埃博拉治疗中心(ETC)是用于隔离和治疗埃博拉患者的专门设施,其严格的感染控制要求给患者信息的记录和审查带来了巨大挑战。在2014 - 2016年西非埃博拉疫情期间,ETC基于纸质的数据收集系统损害了患者数据的质量、数量和保密性。电子健康记录(EHR)系统有潜力解决此类问题,对患者护理、监测和研究有益。然而,2014年随着疫情升级大规模ETC开放时,没有合适的软件可供部署。

目的

我们展示了快速开发和部署OpenMRS - Ebola的工作,这是一款用于塞拉利昂克里镇ETC的EHR系统。我们描述了我们的经验、吸取的教训以及对未来卫生紧急情况的建议。

方法

我们使用OpenMRS平台和敏捷软件开发方法构建OpenMRS - Ebola。
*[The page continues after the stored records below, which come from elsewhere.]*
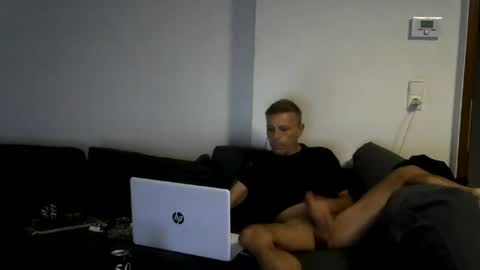 weberbenny online show from August 21, 12:38 am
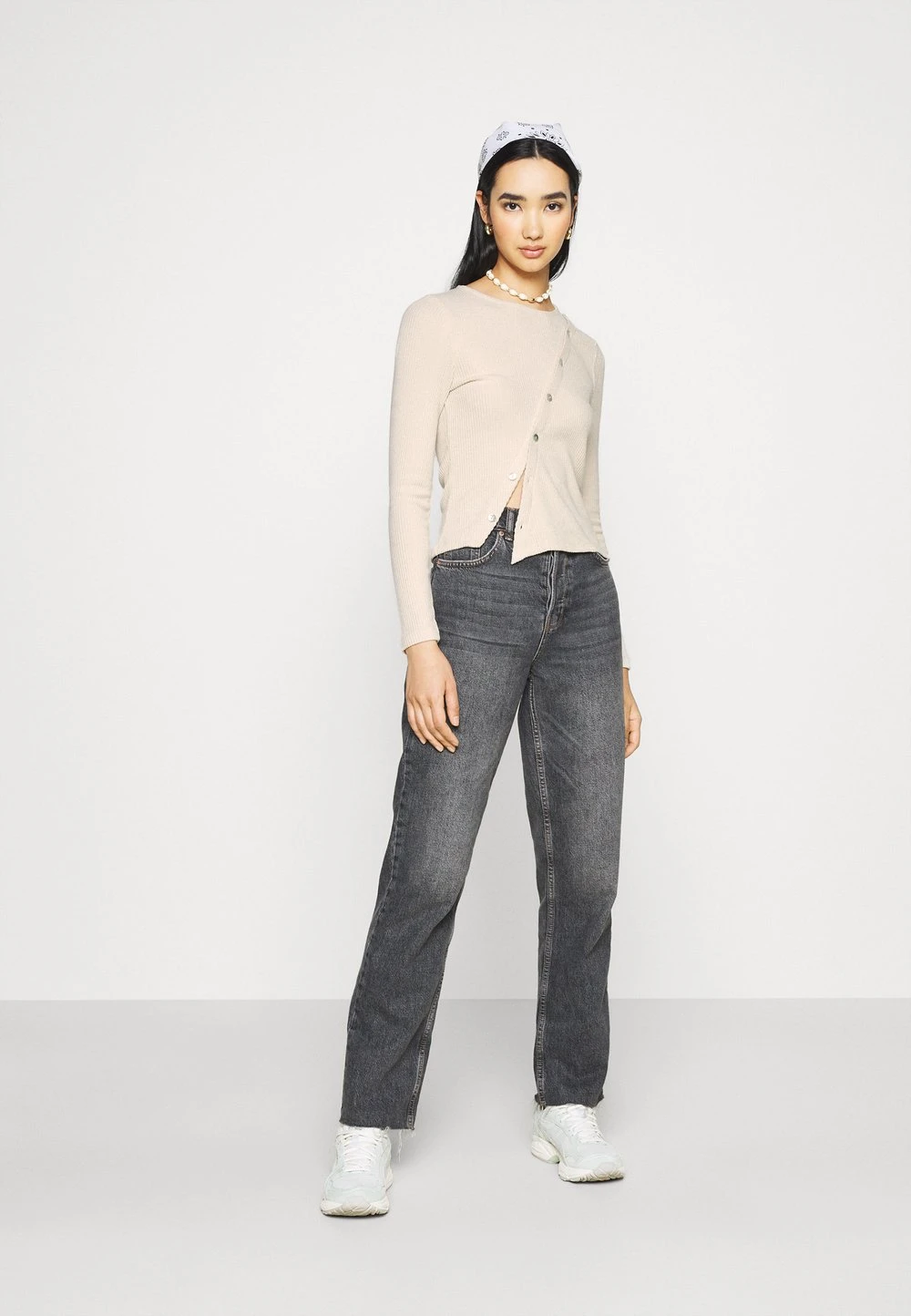 Nly by Nelly Prix Accessible Gilet pulls et gilets col rond femme 4 Nly by Nelly Prix Accessible Gilet pulls et gilets col rond femme – Image 2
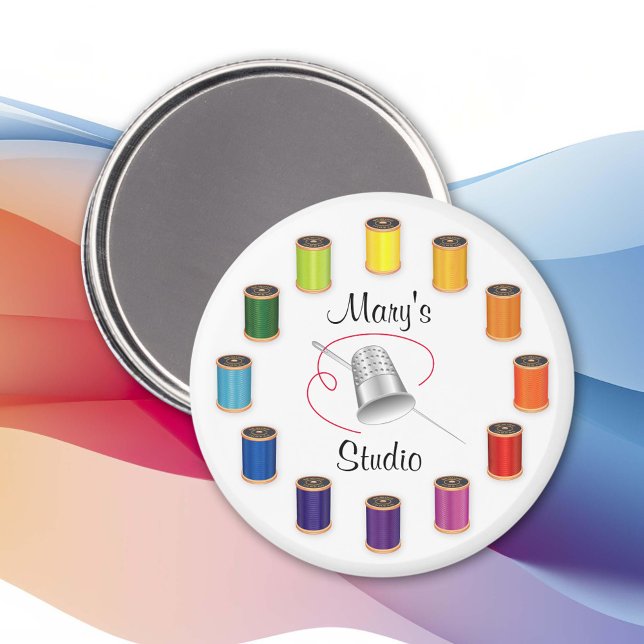 Imã Dedal de Costura, Agulha e Linhas (I am Drawn to Sewing Like a Magnet)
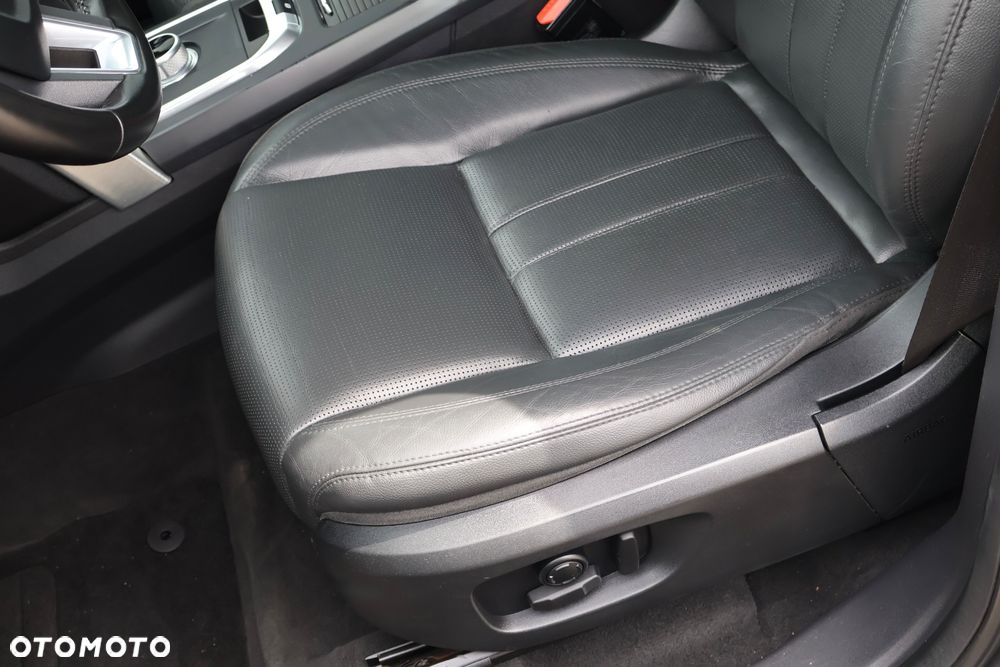 Land Rover Discovery Sport Si4 HSE Luxury - 13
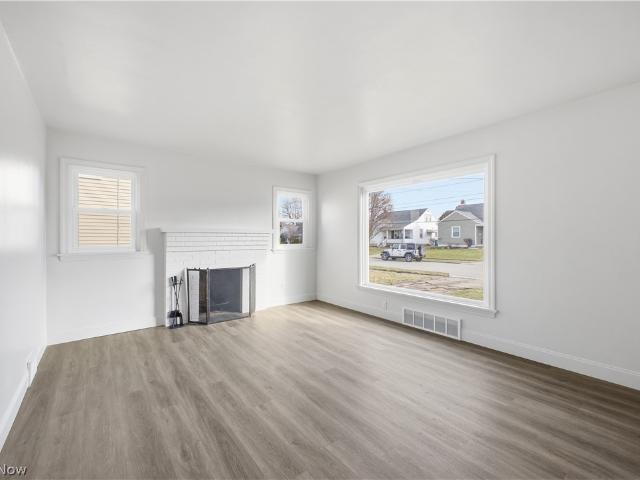 House for sale in Struthers, Ohio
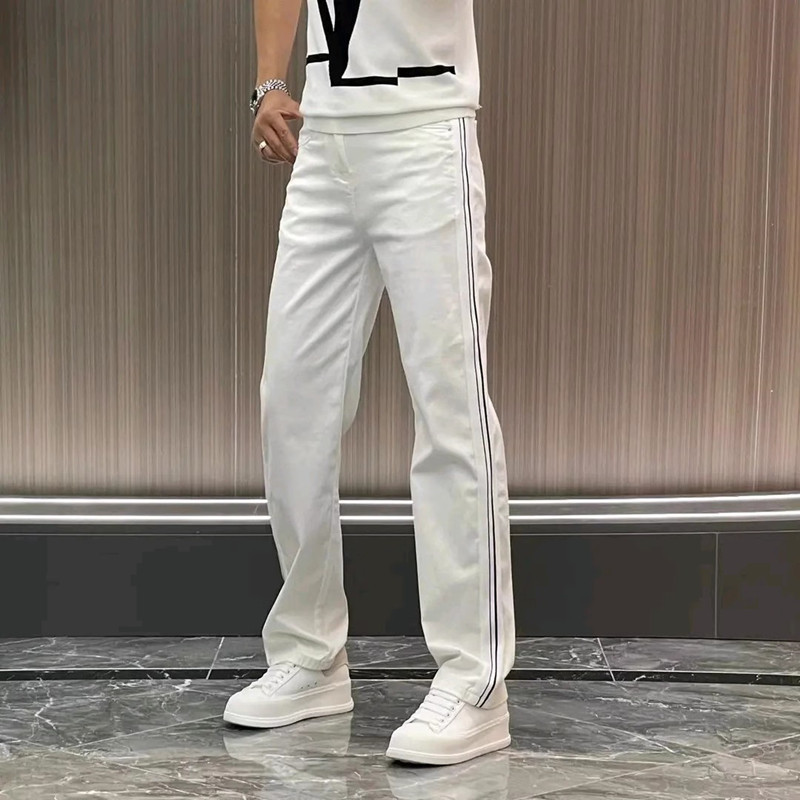 Otoño nuevos pantalones vaqueros elásticos de moda para hombres Pantalones rectos sueltos de cinta lateral juvenil pantalones de pierna ancha lavados versátiles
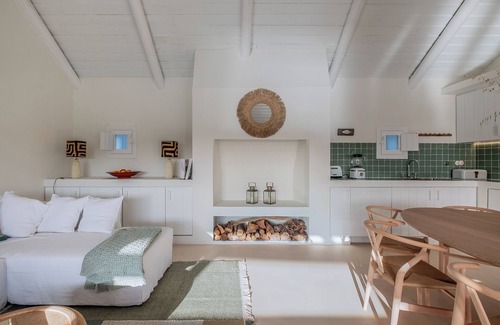 Carvalhal Villa | Luxury Beach House - only a short walk to the sea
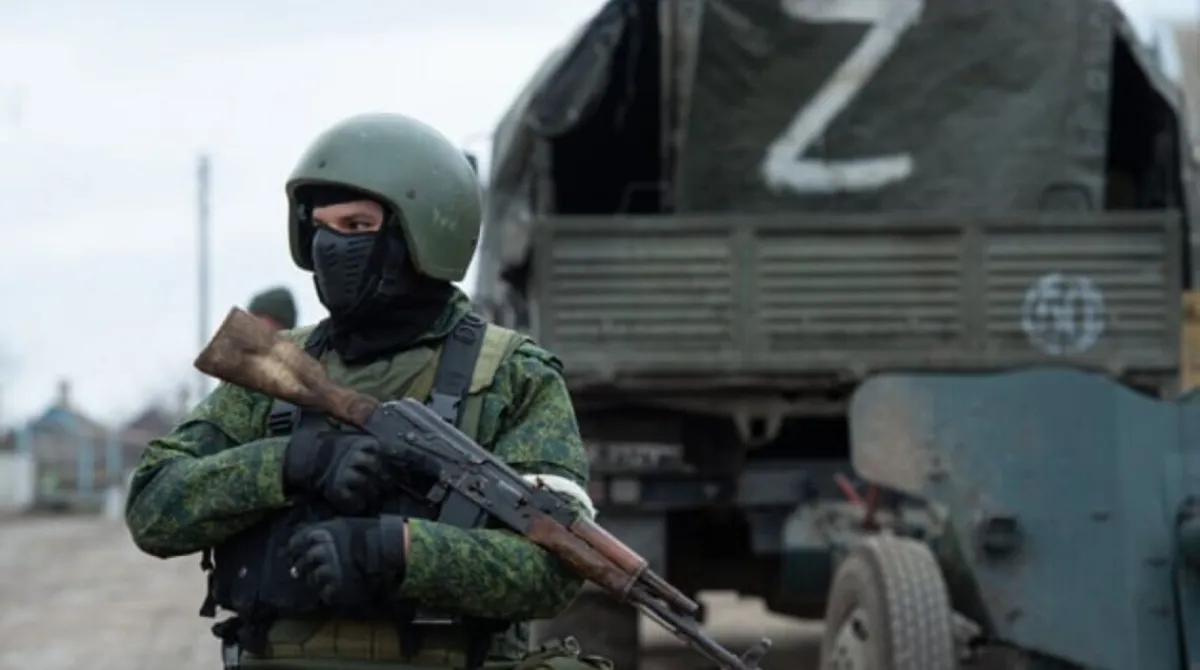 Ukrainian troops are rolling back the Russian foothold near Dvorichna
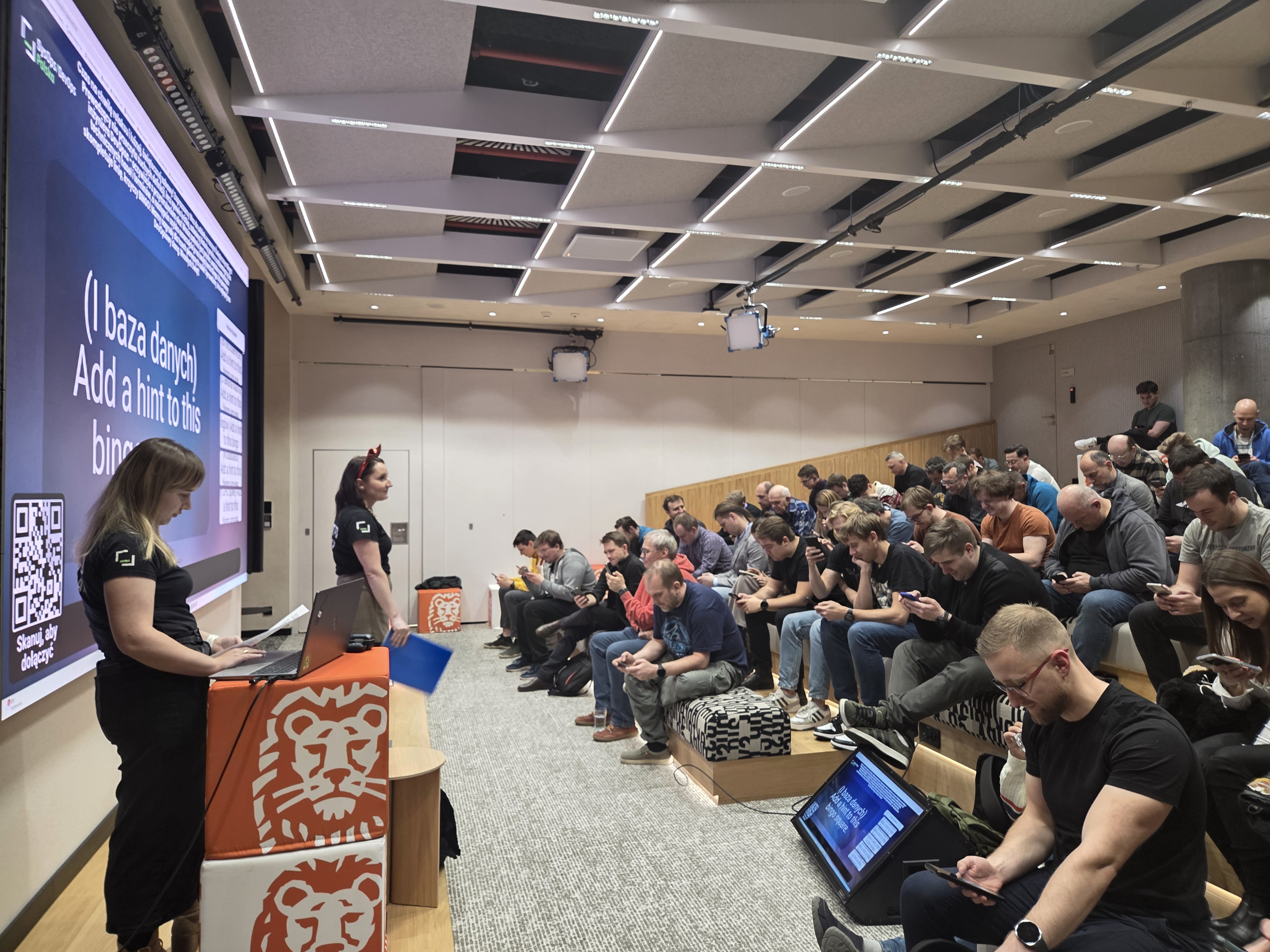 Warszawa: pancerny backup i prywatna łączność w Azure!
我们工作的关键特性包括开发团队与实地运营团队之间的每日沟通、迭代过程以及分阶段开发和实施。我们根据ETC环境的限制和常规用户反馈做出设计决策。为评估该系统,我们在部署前进行了用户问卷调查,并将EHR记录与重复的纸质记录进行了比较。

结果

我们成功构建了OpenMRS - Ebola,这是一个模块化的独立EHR系统,有用于传染病患者病房的基于平板电脑的应用程序和用于非传染病区域的基于桌面的应用程序。OpenMRS - Ebola支持患者追踪(登记、床位分配和出院);生命体征和症状记录;药物和静脉输液的订购与监测;实验室结果;临床医生记录;以及数据导出。它向传染病区和非传染病区的临床医生显示相关患者信息。经过2.5个月的全职开发后,我们实施了第一阶段(患者追踪;药物订购与监测)。OpenMRS - Ebola用于112例患者登记、569份处方订单和971次用药记录。由于新埃博拉病例减少,ETC关闭,我们无法全面实施第二阶段和第三阶段。第一阶段评估表明OpenMRS - Ebola在推出过程中运行良好,用户反馈积极。

结论

据我们所知,OpenMRS - Ebola是为低资源环境下的卫生紧急情况构建的最全面、适应性最强的临床EHR。它旨在应对在需要强有力的感染预防和控制措施的高传染性环境中数据收集的主要挑战,并且可与其他电子健康系统互操作。尽管我们构建和部署OpenMRS - Ebola的速度比典型软件更快,但我们的工作凸显了在紧急情况下必须开发合适系统而非能够快速改编现有系统的挑战。应利用从此次及以往紧急情况中吸取的教训,确保有一套设计良好、易于使用且经过预测试的卫生软件可供在未来快速部署。